Je zou kunnen zeggen dat de vraag naar het ‘hoe’ van hereniging met Rome niet zo belangrijk is. Zolang je geen hereniging wilt, is ze immers niet aan de orde. En zodra je wél hereniging wilt, vind je wel een manier om die te bereiken. Daarom gaan aan de vraag naar de praktische vormgeving andere vragen vooraf. Allereerst die van de inhoudelijke oecumene: hoe vinden we voldoende overeenstemming in geloven en belijden? Vervolgens die van de receptieve oecumene: waar zouden we van elkaars unieke gaven kunnen leren? En tenslotte die van de spirituele oecumene: hoe leren we elkaar daadwerkelijk kennen en waarderen in gebed en gesprek, lofprijzing, missie en diaconaat? Zonder deze dimensies blijft kerkelijke hereniging een lege huls. Daarom moeten ze nadrukkelijk mee-bedacht worden in elke bezinning op kerkelijke hereniging.

Geünieerde kerken
Fries en Rahner wezen destijds op de zogeheten ‘geünieerde kerken’. Dat zijn oosterse kerken, zowel in het Midden-Oosten en Noord-Afrika als in Oost-Europa, die in gemeenschap met Rome leven door het pauselijk gezag te erkennen. Fries en Rahner suggereerden een soortgelijke constructie voor de kerken van de Reformatie. Ook deze zouden dan in hoge mate zichzelf kunnen blijven en hun kerkelijk leven voort kunnen zetten naast bestaande parochies en bisdommen in hetzelfde gebied. Belangrijkste voorwaarde zou de erkenning zijn van het primaat van de paus als symbool van kerkelijke eenheid en borging van de gemeenschappelijke leer. Daarbij zou het gaan om het pausschap zoals dat in het eerste millennium gestalte kreeg, dus niet om latere ontwikkelingen als de pauselijke onfeilbaarheidsleer.

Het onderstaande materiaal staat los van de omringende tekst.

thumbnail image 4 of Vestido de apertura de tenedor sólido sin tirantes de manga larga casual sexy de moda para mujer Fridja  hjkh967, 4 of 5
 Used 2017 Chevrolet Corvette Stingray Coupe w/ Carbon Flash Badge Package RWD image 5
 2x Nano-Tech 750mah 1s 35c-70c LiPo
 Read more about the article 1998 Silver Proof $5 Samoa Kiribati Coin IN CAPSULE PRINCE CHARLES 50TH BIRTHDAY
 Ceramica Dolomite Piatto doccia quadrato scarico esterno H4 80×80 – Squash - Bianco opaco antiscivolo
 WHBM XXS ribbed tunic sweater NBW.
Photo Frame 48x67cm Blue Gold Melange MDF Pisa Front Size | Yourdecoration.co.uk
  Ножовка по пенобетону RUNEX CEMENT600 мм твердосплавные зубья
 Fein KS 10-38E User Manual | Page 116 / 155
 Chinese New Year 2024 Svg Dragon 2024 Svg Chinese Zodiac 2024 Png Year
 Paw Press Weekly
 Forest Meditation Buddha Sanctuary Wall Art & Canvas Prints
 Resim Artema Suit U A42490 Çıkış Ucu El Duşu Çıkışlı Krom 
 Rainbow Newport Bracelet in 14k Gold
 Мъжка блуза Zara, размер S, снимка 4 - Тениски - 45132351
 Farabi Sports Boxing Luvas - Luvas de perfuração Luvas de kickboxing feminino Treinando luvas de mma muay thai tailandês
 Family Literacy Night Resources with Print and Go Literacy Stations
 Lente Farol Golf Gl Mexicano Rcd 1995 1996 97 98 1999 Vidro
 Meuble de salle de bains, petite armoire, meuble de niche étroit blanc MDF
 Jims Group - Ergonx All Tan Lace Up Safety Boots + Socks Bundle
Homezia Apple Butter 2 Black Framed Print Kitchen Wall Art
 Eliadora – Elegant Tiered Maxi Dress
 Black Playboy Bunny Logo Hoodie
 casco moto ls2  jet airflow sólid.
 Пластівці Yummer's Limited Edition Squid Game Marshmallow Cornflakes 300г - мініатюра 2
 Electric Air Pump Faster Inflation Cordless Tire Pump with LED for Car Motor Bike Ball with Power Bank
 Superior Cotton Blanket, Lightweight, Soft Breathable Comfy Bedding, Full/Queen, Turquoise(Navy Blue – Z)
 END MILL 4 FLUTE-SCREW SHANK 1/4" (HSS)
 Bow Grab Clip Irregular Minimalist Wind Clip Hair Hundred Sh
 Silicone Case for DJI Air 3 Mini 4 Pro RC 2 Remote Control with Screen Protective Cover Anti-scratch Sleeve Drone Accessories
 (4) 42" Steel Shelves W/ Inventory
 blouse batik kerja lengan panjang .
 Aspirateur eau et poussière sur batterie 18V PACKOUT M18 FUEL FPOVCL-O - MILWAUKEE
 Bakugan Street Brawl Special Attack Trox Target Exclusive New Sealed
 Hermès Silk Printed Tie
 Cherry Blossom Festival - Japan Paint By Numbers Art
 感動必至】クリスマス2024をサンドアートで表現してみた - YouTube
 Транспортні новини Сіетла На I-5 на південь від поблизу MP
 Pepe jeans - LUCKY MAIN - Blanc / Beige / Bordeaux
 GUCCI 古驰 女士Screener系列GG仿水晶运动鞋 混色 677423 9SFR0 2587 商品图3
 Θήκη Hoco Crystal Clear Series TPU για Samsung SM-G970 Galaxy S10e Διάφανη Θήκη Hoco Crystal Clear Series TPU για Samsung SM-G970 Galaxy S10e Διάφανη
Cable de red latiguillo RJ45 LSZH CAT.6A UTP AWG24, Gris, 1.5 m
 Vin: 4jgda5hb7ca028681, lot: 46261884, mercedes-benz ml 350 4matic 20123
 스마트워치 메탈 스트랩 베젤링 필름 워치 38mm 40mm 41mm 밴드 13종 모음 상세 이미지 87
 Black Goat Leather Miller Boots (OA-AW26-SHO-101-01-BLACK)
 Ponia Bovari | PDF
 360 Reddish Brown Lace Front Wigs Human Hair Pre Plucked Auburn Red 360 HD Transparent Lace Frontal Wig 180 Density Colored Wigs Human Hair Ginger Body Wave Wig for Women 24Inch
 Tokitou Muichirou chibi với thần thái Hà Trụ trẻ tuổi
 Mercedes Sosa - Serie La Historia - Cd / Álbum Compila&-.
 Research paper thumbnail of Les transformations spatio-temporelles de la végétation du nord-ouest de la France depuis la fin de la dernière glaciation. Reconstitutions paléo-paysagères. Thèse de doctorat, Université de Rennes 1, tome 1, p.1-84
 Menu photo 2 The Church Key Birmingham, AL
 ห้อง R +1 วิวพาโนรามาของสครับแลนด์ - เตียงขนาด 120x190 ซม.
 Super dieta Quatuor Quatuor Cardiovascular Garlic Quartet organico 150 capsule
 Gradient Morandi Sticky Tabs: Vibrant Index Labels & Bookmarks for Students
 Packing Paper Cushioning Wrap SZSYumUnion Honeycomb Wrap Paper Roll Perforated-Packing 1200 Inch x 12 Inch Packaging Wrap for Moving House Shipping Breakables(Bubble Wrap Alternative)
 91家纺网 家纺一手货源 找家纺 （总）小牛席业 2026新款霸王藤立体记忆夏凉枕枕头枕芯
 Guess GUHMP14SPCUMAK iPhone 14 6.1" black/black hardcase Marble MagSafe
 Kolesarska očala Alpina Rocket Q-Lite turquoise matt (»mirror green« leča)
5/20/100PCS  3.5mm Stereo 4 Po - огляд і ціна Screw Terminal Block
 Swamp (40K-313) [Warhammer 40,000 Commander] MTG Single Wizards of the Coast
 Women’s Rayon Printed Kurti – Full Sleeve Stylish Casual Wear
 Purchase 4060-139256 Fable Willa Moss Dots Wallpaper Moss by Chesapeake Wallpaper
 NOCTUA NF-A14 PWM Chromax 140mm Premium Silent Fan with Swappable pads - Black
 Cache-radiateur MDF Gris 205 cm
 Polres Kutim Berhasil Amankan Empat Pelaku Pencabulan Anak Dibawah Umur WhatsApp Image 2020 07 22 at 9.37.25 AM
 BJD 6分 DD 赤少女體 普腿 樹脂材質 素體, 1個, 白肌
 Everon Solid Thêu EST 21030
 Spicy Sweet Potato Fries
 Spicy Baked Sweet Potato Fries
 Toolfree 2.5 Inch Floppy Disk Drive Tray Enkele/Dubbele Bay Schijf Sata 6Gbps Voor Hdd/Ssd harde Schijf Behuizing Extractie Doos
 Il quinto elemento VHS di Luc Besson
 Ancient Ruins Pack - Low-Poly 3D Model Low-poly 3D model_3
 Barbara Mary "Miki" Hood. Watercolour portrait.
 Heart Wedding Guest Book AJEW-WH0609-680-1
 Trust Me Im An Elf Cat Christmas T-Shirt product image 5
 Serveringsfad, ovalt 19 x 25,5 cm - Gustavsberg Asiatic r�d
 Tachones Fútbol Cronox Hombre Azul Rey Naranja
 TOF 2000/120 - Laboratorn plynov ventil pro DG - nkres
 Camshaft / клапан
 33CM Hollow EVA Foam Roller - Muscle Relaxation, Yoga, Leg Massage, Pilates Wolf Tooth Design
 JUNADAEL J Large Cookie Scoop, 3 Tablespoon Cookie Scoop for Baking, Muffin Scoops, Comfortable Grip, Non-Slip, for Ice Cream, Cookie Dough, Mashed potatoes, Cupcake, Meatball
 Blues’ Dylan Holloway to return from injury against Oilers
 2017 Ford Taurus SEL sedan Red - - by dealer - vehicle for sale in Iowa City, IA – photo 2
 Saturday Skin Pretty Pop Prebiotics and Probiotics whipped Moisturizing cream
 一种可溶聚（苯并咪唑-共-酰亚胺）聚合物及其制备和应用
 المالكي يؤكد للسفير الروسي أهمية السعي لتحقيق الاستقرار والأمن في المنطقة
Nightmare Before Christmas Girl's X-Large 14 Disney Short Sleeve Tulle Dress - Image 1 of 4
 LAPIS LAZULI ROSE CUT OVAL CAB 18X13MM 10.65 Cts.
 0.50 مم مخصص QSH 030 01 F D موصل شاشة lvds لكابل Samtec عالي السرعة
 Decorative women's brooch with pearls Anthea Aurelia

Eenheid in het fundamentele
Nu is de situatie van de reformatorische kerken wel complexer, omdat de verschillen niet alleen betrekking hebben op de liturgie maar ook (1) in hogere mate op de leer en (2) op de kerkinrichting. Wat de leer betreft stelden Fries en Rahner daarom voor om onderscheid te maken tussen grondwaarheden die alle deelkerken onderschrijven en andere overtuigingen. Bij de grondwaarheden gaat het om trouw aan de Heilige Schrift en aan de vroegchristelijke credo’s (de Apostolische Geloofsbelijdenis en die van Nicea-Constantinopel). Daarbovenuit hebben de deelkerken ook ‘eigen’ dogma’s, maar die mogen niet verplichtend aan andere deelkerken opgelegd worden. Dat geldt dus ook voor de rooms-katholieke dogma’s over Maria. Veeleer sporen de verschillen op dit terrein aan om in gesprek met elkaar naar het juiste verstaan van het evangelie te blijven zoeken. Wellicht zal de Geest die in alle waarheid leidt hierover gaandeweg meer helderheid geven. Er hoeft in elk geval geen totale overeenstemming in de leer te zijn voordat een gemeenschappelijk kerk-zijn mogelijk is.
Wat logischerwijze niet kan, is dat sommige deelkerken op het niveau van hun belijdenis iets verwerpen wat in andere deelkerken juist geleerd wordt. Voor gereformeerde kerken zou dit betekenen dat de latere toevoeging van vraag en antwoord 80 aan de Heidelbergse Catechismus (gedaan op verzoek van de keurvorst) officieel als een ongelukkige greep gezien moet worden. Ook eventuele nieuw te vormen leerbepalingen zullen niet tegen de diepe overtuigingen van andere deelkerken mogen ingaan – de zogeheten ‘katholiciteitstoets’ (binnen de Nederlandse context al voorgesteld door prof. Barend Kamphuis), die dan niet meer vrijblijvend maar verplicht zou zijn. Het laat zich overigens aanzien dat zulke nieuwe bepalingen vandaag eerder de ethiek dan de geloofsleer zullen betreffen. Denk aan de vele discussies over seksualiteit, gender en ambt. Maar opvallend genoeg hebben alle grote kerken ook los van elkaar al te maken met deze vaak moeizaam verlopende discussies. Een eventuele hereniging met Rome verandert daar hooguit gradueel iets aan.

Protestantse ‘deelkerken’
De kwestie van de kerkregering speelt bij de geünieerde kerken veel minder, omdat die net als Rome een episcopale inrichting kennen. Fries en Rahner stellen voor om niet te beginnen met discussies over het verleden, over de legitimiteit van de ambtelijke bevestiging van protestantse en katholieke ambtsdragers vanaf de Reformatie. Wel is van belang dat over en weer erkenning plaatsvindt van toekomstige ambtsdragers. Dat is gezien de apostolische successie voor de kerk van Rome het moeilijkst. Maar door bij een protestantse predikantswijding de rooms-katholieke bisschop te laten meedoen aan de handoplegging, kan deze bevestiging ook voor de roomse deelkerk geldigheid verkrijgen.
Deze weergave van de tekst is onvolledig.